With Christmas drawing near, I'm sharing the first of this year's thoughts on what's going on. Not at the shopping malls, but in the cosmos--reflections on incarnation:

Need I begin by saying that the incarnation has nothing to do with flowers? No, probably not. Anyone who has been around church-like things knows that it has something to do with Jesus, even if they don’t know exactly what. So let’s break the word apart. In carnis: in the flesh. Mix in a little God and we have God in flesh, or the central mystery of Christianity—God's divine nature is fully present in human nature. Or human nature is fully present in God’s divine nature.
How would we explain this major article of our faith to someone who has no knowledge of religion or, at least, Christianity? Why should such a person even care, much less receive it as Good News? The message is that “God so loved the world” that God entered the world to become one with the world, through human nature—who we are. That’s nice, yet there are species and natures in the world that are much nicer than we are. We cause wars. We consume beyond our need. We discriminate unfairly. We are hard to satisfy and too judgmental to be satisfied. We look down on others, even others of our own species. We compete. We hate. We hurt. We take. We are rarely satisfied. God so loved this?
I suppose that if a well-known leader like President Obama or Pope Benedict were to come to me and say, “I want you as my best friend,” I’d be flattered. I’d also be suspicious. “Are you sure you mean me?
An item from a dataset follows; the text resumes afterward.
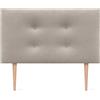 DHOME Testiera in Similpelle o Tessuto AQUALINE Pro con 2 file di Bottoni e Gambe Testiera Imbottita per Letto di Lusso (105x105cm con gambe (Letti 80/90/105), Tessuto Beige)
Even my friends can only take so much of me. I know myself. Why me?” It would make no sense to me, but I would sure work hard at being the best friend I could be, knowing full well that I had done nothing to earn the privilege. Still, it would really be strange.
God wants to be one of us, one with us? Is God no better than us. Tthe Old Testament does make God look pretty unstable at times—happy one day, foolish the next, needing anger management the third, etc.? We work so hard trying to be God, and God wants to be us? Is not even God ever satisfied? What is in it for God, and what is in it for us? These are human questions—at least among the one’s this human would have.
There is great danger in attributing to God only those human characteristics with which we are familiar. I suspect there is more to God than that. Heck, there is more to us than that! In becoming one with us, through the human Jesus, we are invited to be what we cannot even conceive of being, without loosing our humanness.
So, some questions. Let us reflect on them during the third week of Advent, and try to answer some of them during the fourth:

Why is the incarnation (God fully entering the human condition) such a big deal?
Who benefits from this relationship, and how?
Why us?
What difference does it make in my life? Our life? What makes this Good News?